Shane Hyland, Leader of School Evangelisation at St Joseph’s Regional College reads today from the Gospel of Matthew (5: 43-48) which continues with Jesus says, ‘Love your enemies and pray for those who persecute you’.

Shane says it is easy for us to interpret this passage as Jesus teaching that the scriptures instruct us to hate our enemies. However, it is quite the opposite.

If we pay close attention to the way in which Matthew phrases these passages, they begin with “you have learnt that it was said” or in the NRSV translations “you have heard that it was said”. Elsewhere in the Gospel of Matthew when Jesus is referring to scripture he always says, “have you not read” or “let the reader understand”. So, when Jesus is referring to the interpretation and teaching of scripture he says “you have learnt” or “you have heard” but when referring directly to scripture he uses ‘read’ or ‘it is written’.

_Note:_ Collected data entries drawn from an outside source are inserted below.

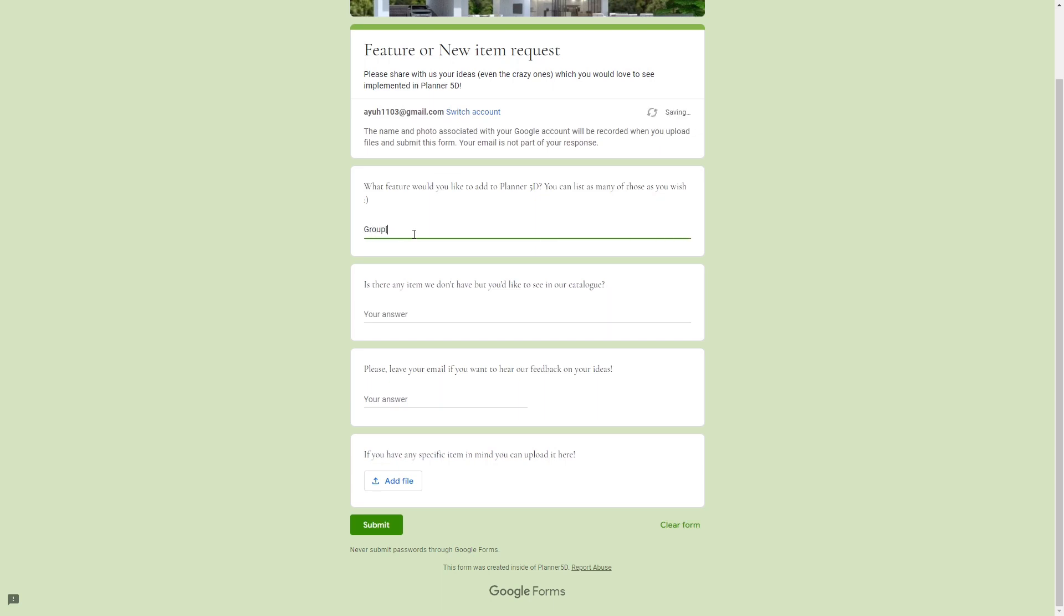I'll put the link of this form in the description box below. In the first field it says what feature would you like to add to Planner 5D. You can list as many features as you wish.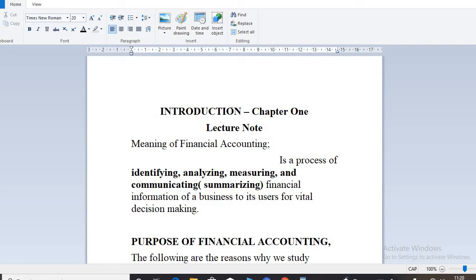Financial accounting has to do with providing information to users or owners of businesses, or to any other party interested in making decisions. So financial accounting is the process of identifying, analyzing, measuring, and communicating financial information of a business to its users for vital decision making.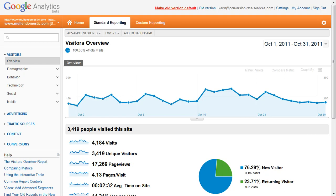Hi, Kevin McCaffrey here from Conversion Rate Services. Today I want to show you how you can track registered users on your website in Google Analytics version 5.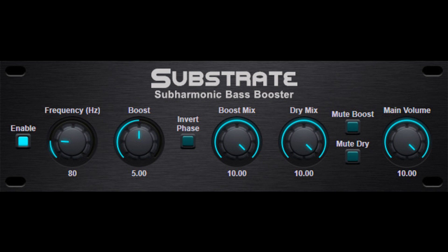Substrate is an effect plugin especially designed for boosting the low-frequency range of bass sounds and instruments. It uses a special technique to add more harmonics to the low-end frequency range of a sound by generating additional harmonics based on a preset fundamental frequency. A boost control will add these harmonics to the low-end frequency range of the sound.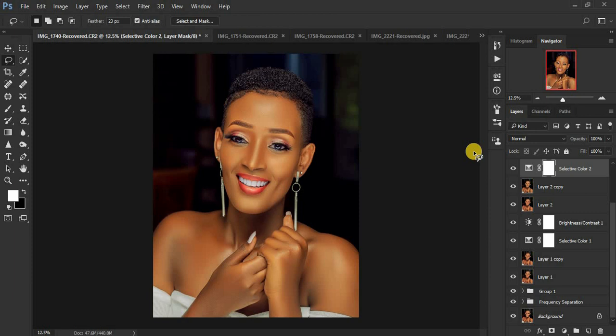If you loved this tutorial and found it helpful, don't forget to subscribe to this channel and follow me on Instagram at ronix_mutegeki or at ronix_photography where you can send feedback and queries. I'll answer whenever I can. I'm Ronix from Ronix Photography — thank you for watching, and I'll see you in yet another retouching tutorial. Remember to stay safe!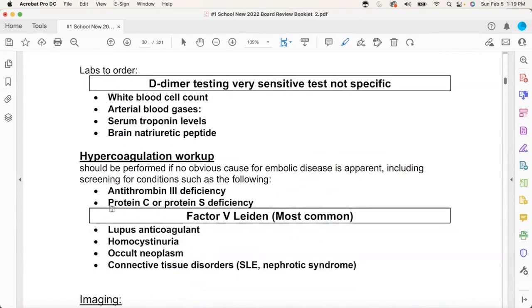He kept talking about how short of breath he was when he walked. I did the BNP, EKG, troponin — negative. Are you done hunting? No. So I rolled the D-dimer. Did you know the D-dimer can come back greater than 10,000? I did not know that — I got schooled last night. And then of course he had a big old clot in his lung, and he had Factor V Leiden. He never knew it.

So, when Jesus says, ‘You have learnt how it was said: you must love your neighbour and hate your enemy’, we can understand that Jesus is critiquing the way that those teachings were being interpreted by the teachers of the time and, in particular, the Pharisees.

He is not attacking the Old Testament or the Hebrew scriptures as we now call it; he is defending it and its incorrect interpretation. And how easy it is for us to hate our enemies, to exact revenge for the wrong that people do to us.

Instead, Jesus points out that we are all sons and daughters of God, made in God’s image who God makes rain fall on each of us equally.

In closing, Shane invites to reflect on these questions: Who do you consider to be your enemies? How have you reflected the image of God to those around you?